More testing in Leicester guarantees that testing centres will remain in Leicester for the foreseeable future – that’s great because we’ve had a lot of difficulty in persuading them to keep the testing in Leicester.
Good public information and the use of the many community languages in Leicester to make sure that everybody is able to hear that communication – I’m all for that, of course I am.
But he said that he did not see the case for the easing of the lockdown in the city being delayed for two weeks beyond 4 July, when it is being eased in the rest of England. (See 10.28am.) He said:
What I don’t understand is what a continuation of the restrictions would add. I just can’t see how that could possibly lead to helping our joint effort to contain the virus …

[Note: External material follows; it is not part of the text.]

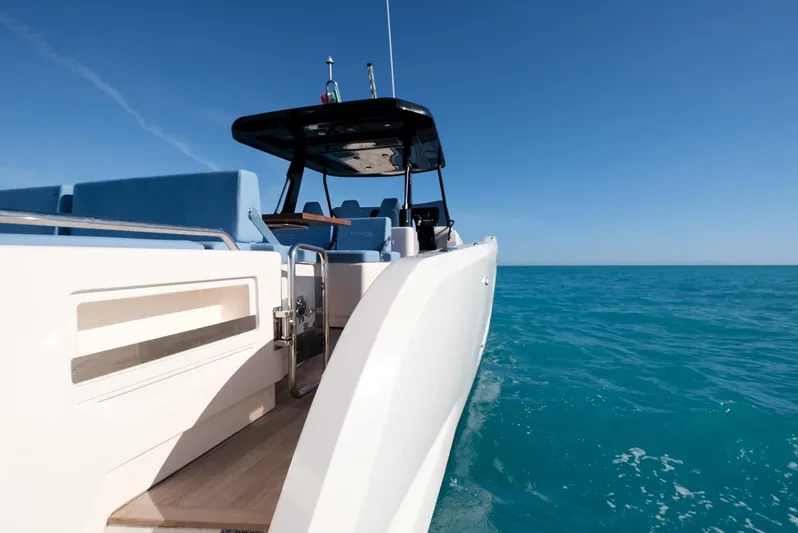 400 Wa Yacht Photos Pics 2025 Cayman Yachts 400 WA cruising on clear blue ocean waters.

I would say that if a further relaxation of the restrictions is good enough for the rest of England, there is nothing here that suggests it’s not good enough for Leicester.
Asked who would be able to implement further restrictions on the city, the Labour mayor said:
It is very unclear, but I would guess – and it is only a guess – that the government is able to take powers under the Covid legislation to impose a particular restriction in a particular place – in this case Leicester.
As yet, I don’t believe they’ve taken those powers – but I don’t believe it would be very difficult for them to do it if they wanted to.